Wir ambivalenten Fußballfans
Hallo Fußballfans und Nichtfussballfans,
Ich weiß nicht wer von Euch/Ihnen ein Fußballfan ist. Ich bin es. Mein Herz gehört dem VfL Bochum. Mein Herz glühte, als wir nach langem Leidensweg wieder aufgestiegen sind. Es explodierte fast, als wir beim Lokalrivalen Dortmund mit einem 4-3 Sieg letztes Jahr den Klassenerhalt schafften. Wir tranken und feierten, umarmten uns, lieben unseren VfL, liebten plötzlich die ganze Welt. Herrliches Gefühl! Rational betrachtet ist das alles ziemlich bekloppt. Ich als bekennender Kapitalismuskritiker müsste mich eigentlich komplett dem Profifußball entsagen und z.B ausschließlich meinen Club in der Westfalenliga, bei dem ich das Fußball spielen versucht habe zu erlernen, unterstützen.

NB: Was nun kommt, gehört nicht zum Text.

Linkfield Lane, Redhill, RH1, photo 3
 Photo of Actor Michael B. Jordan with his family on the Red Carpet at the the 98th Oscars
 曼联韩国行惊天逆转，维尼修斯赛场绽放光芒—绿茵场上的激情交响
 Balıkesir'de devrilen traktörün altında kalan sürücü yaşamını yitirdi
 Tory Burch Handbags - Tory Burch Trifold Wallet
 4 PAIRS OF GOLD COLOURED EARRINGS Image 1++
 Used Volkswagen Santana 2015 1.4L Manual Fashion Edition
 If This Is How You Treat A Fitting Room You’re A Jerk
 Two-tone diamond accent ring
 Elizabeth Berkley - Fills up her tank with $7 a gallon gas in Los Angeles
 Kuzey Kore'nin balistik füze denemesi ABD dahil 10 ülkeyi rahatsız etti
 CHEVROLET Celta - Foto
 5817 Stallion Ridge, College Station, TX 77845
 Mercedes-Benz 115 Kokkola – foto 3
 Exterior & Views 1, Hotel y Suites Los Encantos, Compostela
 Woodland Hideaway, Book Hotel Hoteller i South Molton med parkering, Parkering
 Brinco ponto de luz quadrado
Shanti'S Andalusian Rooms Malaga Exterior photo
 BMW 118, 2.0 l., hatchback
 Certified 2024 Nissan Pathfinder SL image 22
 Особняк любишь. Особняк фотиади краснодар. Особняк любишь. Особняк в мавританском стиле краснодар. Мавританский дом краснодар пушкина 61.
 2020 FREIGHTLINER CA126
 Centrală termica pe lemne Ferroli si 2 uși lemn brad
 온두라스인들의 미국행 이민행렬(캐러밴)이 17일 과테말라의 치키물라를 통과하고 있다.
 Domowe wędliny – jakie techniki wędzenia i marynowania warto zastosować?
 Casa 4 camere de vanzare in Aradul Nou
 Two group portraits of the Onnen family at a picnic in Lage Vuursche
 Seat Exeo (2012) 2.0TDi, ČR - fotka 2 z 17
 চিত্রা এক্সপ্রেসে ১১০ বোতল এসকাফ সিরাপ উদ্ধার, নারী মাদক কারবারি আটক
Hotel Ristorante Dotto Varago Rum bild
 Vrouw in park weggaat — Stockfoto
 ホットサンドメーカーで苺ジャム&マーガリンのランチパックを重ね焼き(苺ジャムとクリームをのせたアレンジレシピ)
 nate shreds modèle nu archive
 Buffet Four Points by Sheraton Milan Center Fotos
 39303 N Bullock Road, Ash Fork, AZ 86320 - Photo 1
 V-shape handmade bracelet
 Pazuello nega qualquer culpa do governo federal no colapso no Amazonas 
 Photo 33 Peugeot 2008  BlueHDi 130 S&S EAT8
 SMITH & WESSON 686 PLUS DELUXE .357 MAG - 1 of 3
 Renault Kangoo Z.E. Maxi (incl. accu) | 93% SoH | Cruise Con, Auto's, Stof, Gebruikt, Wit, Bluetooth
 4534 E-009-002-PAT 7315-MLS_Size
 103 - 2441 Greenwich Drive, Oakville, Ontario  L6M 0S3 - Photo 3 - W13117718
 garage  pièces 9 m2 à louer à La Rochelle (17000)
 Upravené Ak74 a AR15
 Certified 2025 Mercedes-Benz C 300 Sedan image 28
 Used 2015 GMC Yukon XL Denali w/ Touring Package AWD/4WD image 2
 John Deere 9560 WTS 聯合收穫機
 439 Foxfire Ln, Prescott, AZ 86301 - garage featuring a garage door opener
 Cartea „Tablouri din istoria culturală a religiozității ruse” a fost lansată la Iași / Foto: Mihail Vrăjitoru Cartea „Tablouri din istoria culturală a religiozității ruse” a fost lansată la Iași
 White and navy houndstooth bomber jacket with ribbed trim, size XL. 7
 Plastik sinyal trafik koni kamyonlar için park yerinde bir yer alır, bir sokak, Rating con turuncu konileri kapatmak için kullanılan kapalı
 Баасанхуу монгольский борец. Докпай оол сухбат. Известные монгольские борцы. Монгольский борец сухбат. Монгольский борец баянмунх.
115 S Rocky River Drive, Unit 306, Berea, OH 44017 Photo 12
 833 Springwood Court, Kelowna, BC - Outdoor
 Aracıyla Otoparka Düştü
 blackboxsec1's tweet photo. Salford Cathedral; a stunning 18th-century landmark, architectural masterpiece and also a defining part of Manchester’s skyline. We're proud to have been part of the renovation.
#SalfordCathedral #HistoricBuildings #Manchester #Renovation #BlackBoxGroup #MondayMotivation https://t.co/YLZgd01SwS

Aber nun genug über mich geschwafelt: Ich frage mal so. Glühen die Akteure in den Vereinen, also Spieler, Vorstände, Manager und andere auch so für den Club wie wir Fans?
Ich weiß die Frage haben schon zisch Andere gestellt.
Und ich sage, wie viel andere Fußballfans auch, spontan: NEIN
Vielleicht temporär. Aber unterm Strich ist doch das Unternehmen Fußballverein für alle Akteure lediglich ein wirtschaftliches Betätigungsfeld, wo Geld, Macht, aber auch persönliche Befindlichkeiten vorherrschen, nicht aber das Herzblut.
Hier zwei aktuelle Beispiele bei zwei VfL Vereinen, die man allerdings nur bedingt mit einander vergleichen kann.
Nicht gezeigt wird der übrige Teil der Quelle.